Hat wer ne Ahnung was das sein könnte ?


----------



## eViLaSh (14. Februar 2003)

hast du zufällig ein handy in der nähe der boxen liegen ?!

das klingt nämlch stark nach handy strahlung !


achte mal darauf, wenn du angerufen wirst/anrufst oder sms bekommst/schreibst...


----------



## bone (14. Februar 2003)

hm ja habe ich, zwar kommt da auch'n Geräusch beim Anrufen/SMS aber nicht das Geräusch 

wie weit sollte den das handy von den Boxen wege sein?


----------



## eViLaSh (14. Februar 2003)

ka.

bis es kein pochen mehr gibt 


vielleicht stehn ja auch andere elektrische geräte, deren abschirmung schlecht ist nah an den boxen...


----------



## bone (15. Februar 2003)

für alle die vieleicht das gleiche Problem haben wie ich;

ich hab mich mal ein bisschen im creativ forum schlau gemacht und siehe da:

http://de.europe.creative.com/support/forums/thread.asp?thre=28510&foru=29&page=1

das Problem haben viele Käufer des inspire 6700
liegt aber nicht an irgendwelchen elekt.

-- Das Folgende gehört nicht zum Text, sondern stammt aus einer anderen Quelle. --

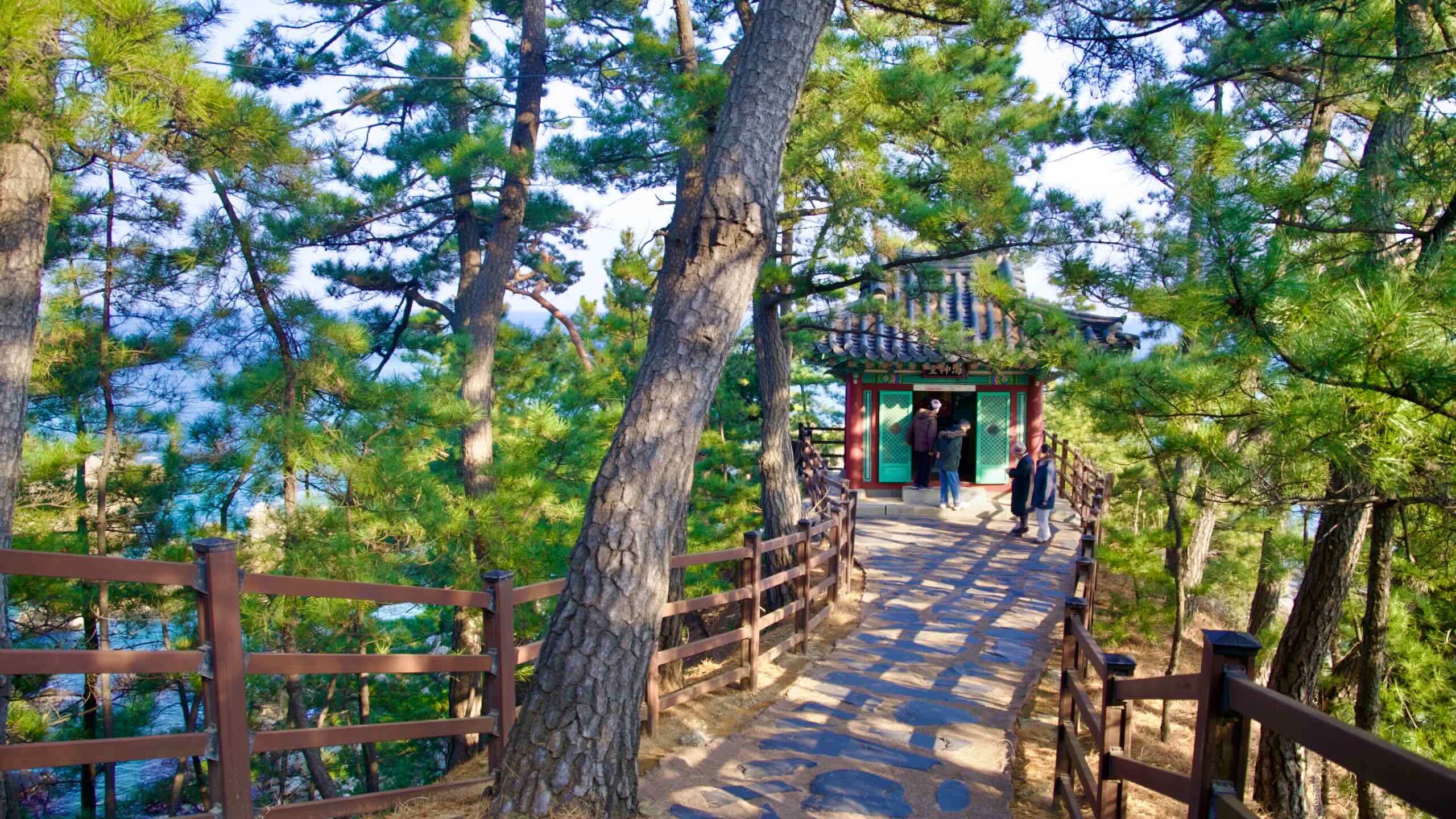 A small, tranquil shrine dedicated to the lost maiden, located at the end of a hiking path at the bottom of Haesindang Park, surrounded by pine trees, with people standing at its entrance.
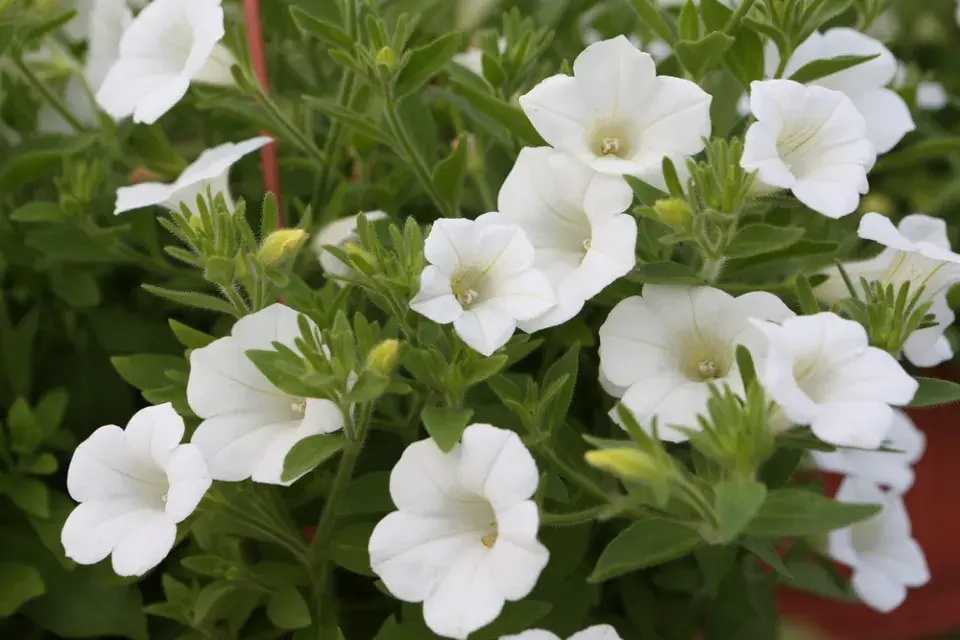 Červenobílé rostliny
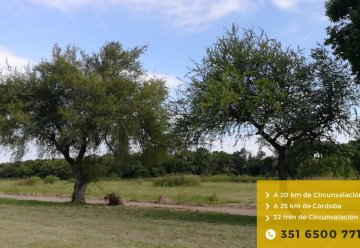 Terreno en Venta en Córdoba, · frente 38 m · largo 48 m · 1.638 m² de lote · dueño directo - Imagen 4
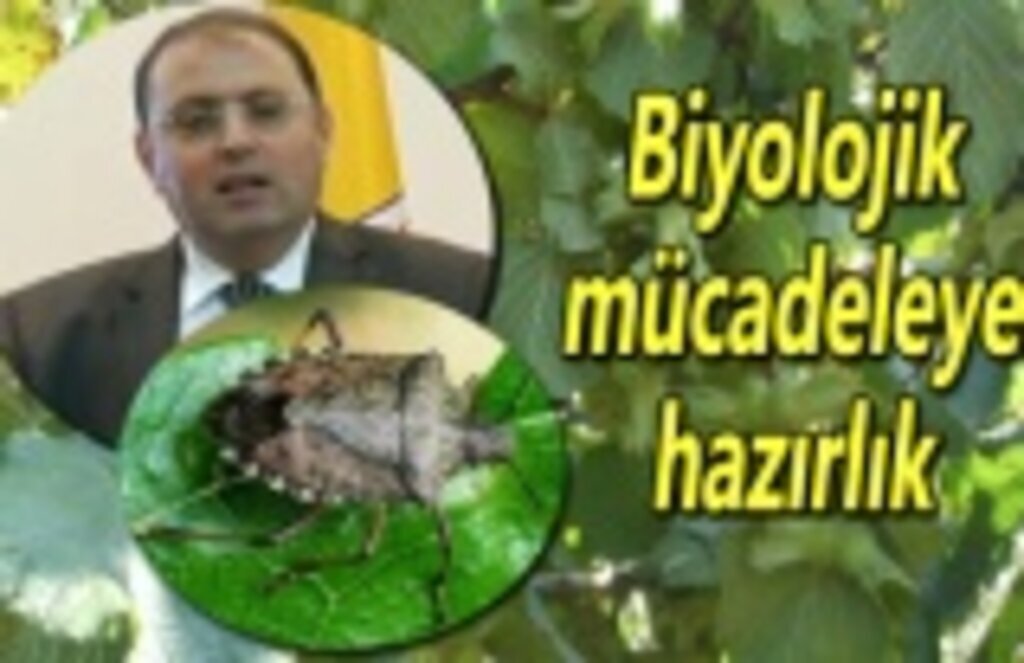 Fındıkta Biyolojik mücadeleye hazırlık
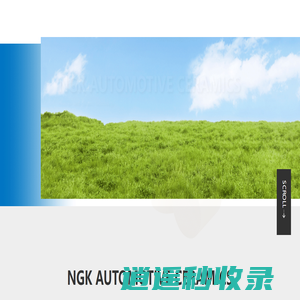 NGK（苏州）环保陶瓷有限公司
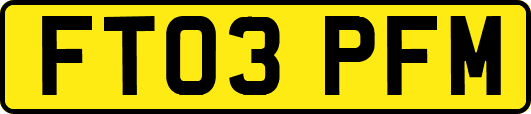 FT03PFM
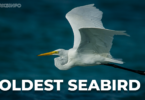 The Boldest Seabird- All About Seagull copy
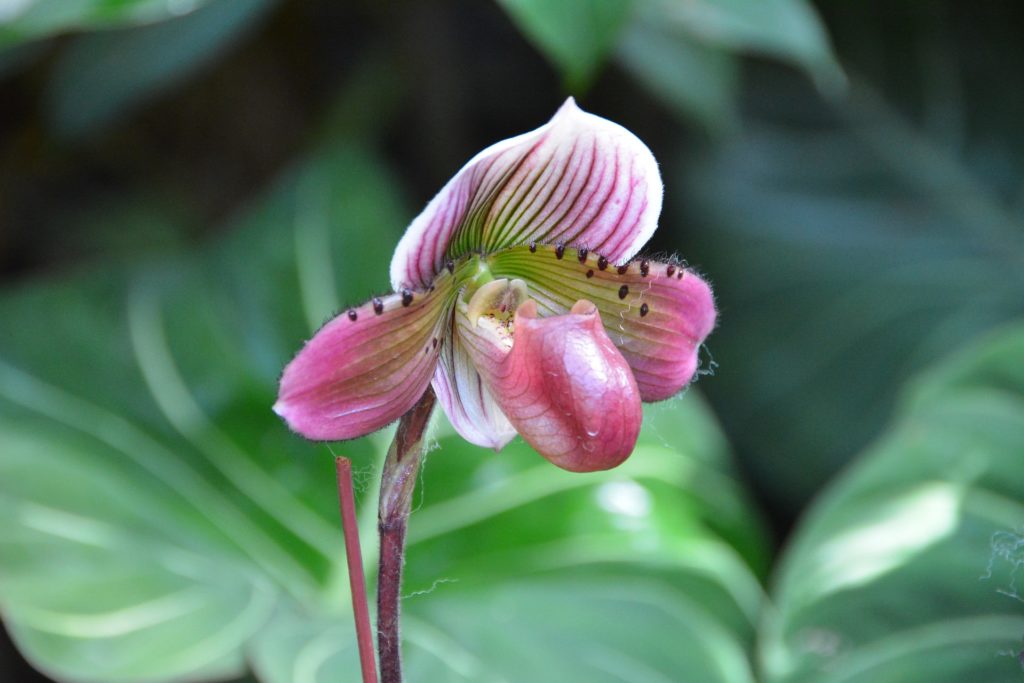 Singapur Orchidee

Geräten in der Umgebung

warscheinlich ist es ne Fehlproduktion des Netzteils, hilft bis jetzt nur austauschen soviel ich weiß ...

echt ne Schweinerei


----------



## eViLaSh (17. Februar 2003)

wow, das hätt ich nicht von creative erwartet...


----------



## Kaprolactam (17. Februar 2003)

Tja, creative bis ins Detail. Daß Lautsprecher ploppen weil das Netzteil ne Macke hat ist wirklich ungewöhnlich.


----------



## bone (18. Februar 2003)

hat sich nun doch rausgestellt das es der Subwoofer ist


----------